Copy out the data word for word, without any of its pictures.

• _Source material_
-------------------------
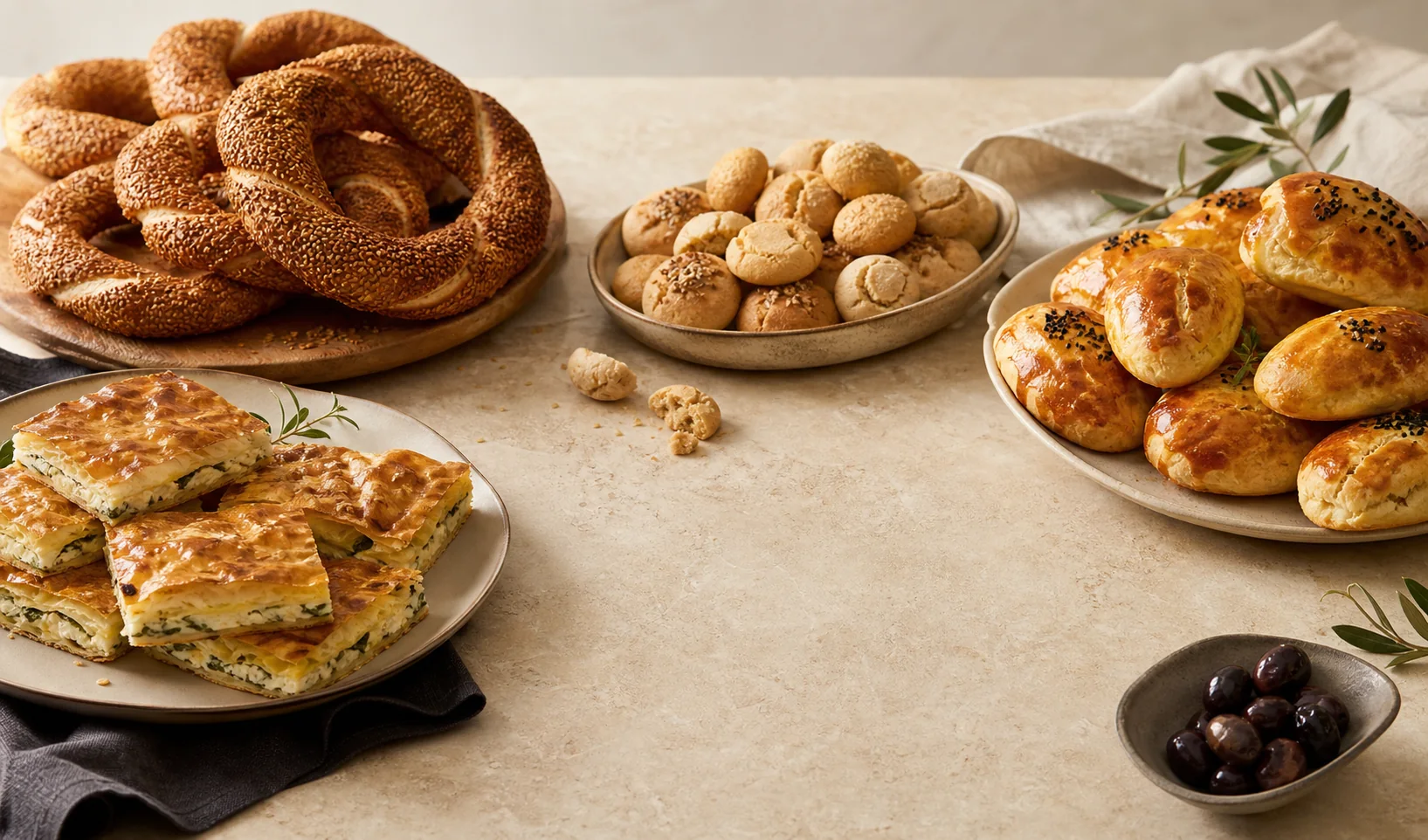 Simit, poğaça, su böreği ve kuru pasta çeşitleri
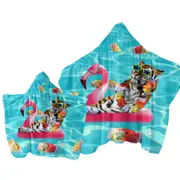 Cool Funny Vacation Tiger on Flamingo Floatie Towel with Hood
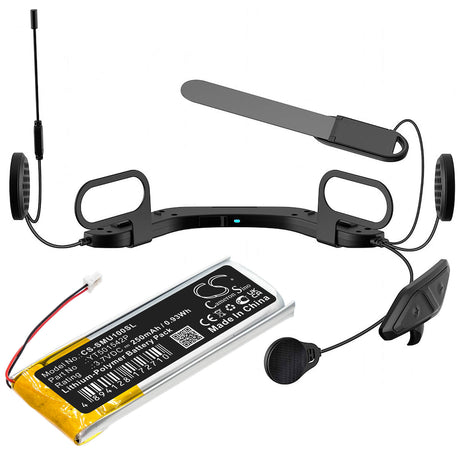 3.7V, Li-Polymer, 250mAh, Headset battery fits Sena, Yt501542p, 10u, 0.93Wh Wireless Headset Cameron Sino Technology Limited
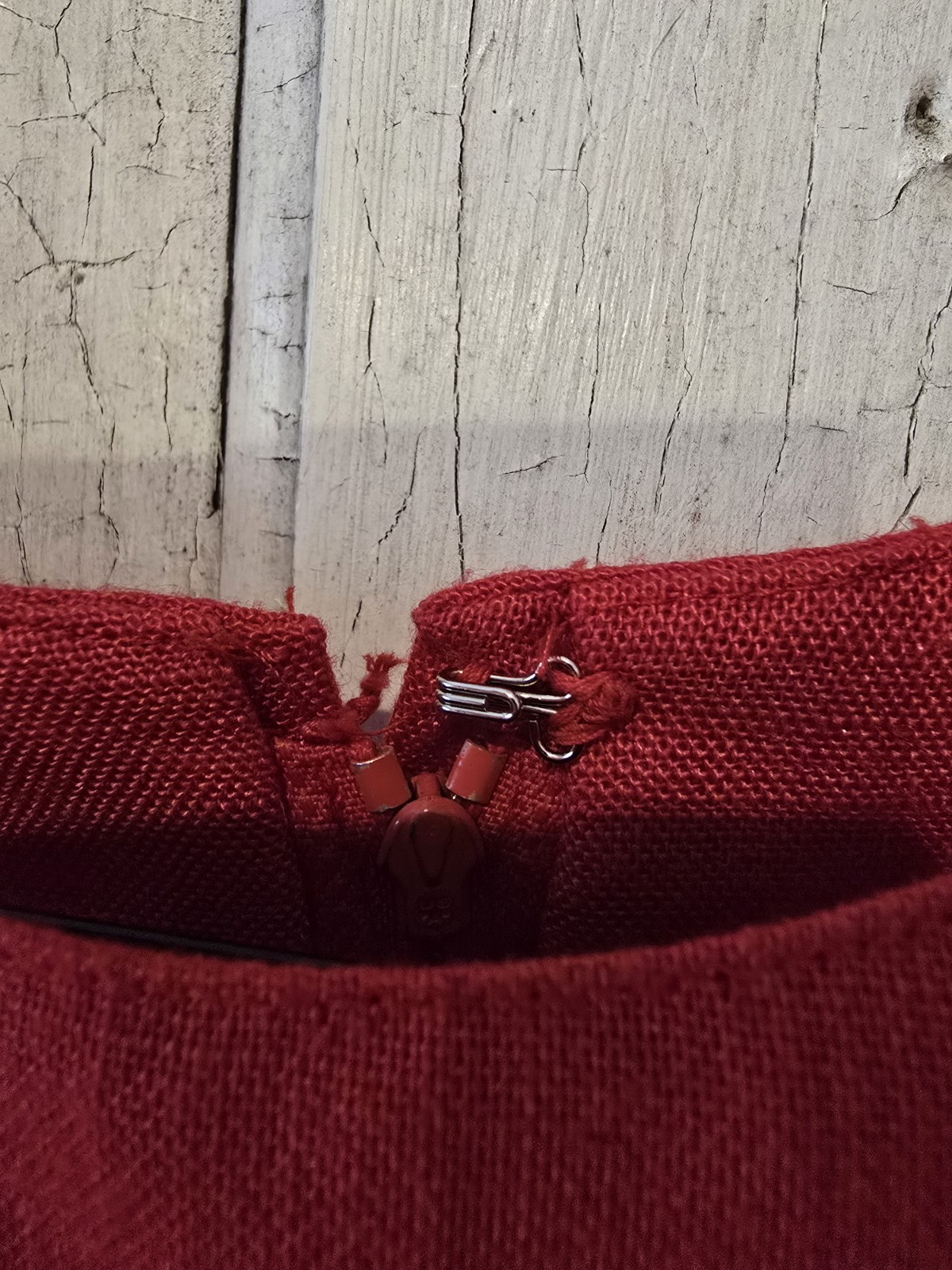 Vintage Red Dress With Pockets Zipper Closure Pin Tuck Pleats Size 8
-------------------------
• _Your response_
 Simit, poğaça, su böreği ve kuru pasta çeşitleri
 Cool Funny Vacation Tiger on Flamingo Floatie Towel with Hood
 3.7V, Li-Polymer, 250mAh, Headset battery fits Sena, Yt501542p, 10u, 0.93Wh Wireless Headset Cameron Sino Technology Limited
 Vintage Red Dress With Pockets Zipper Closure Pin Tuck Pleats Size 8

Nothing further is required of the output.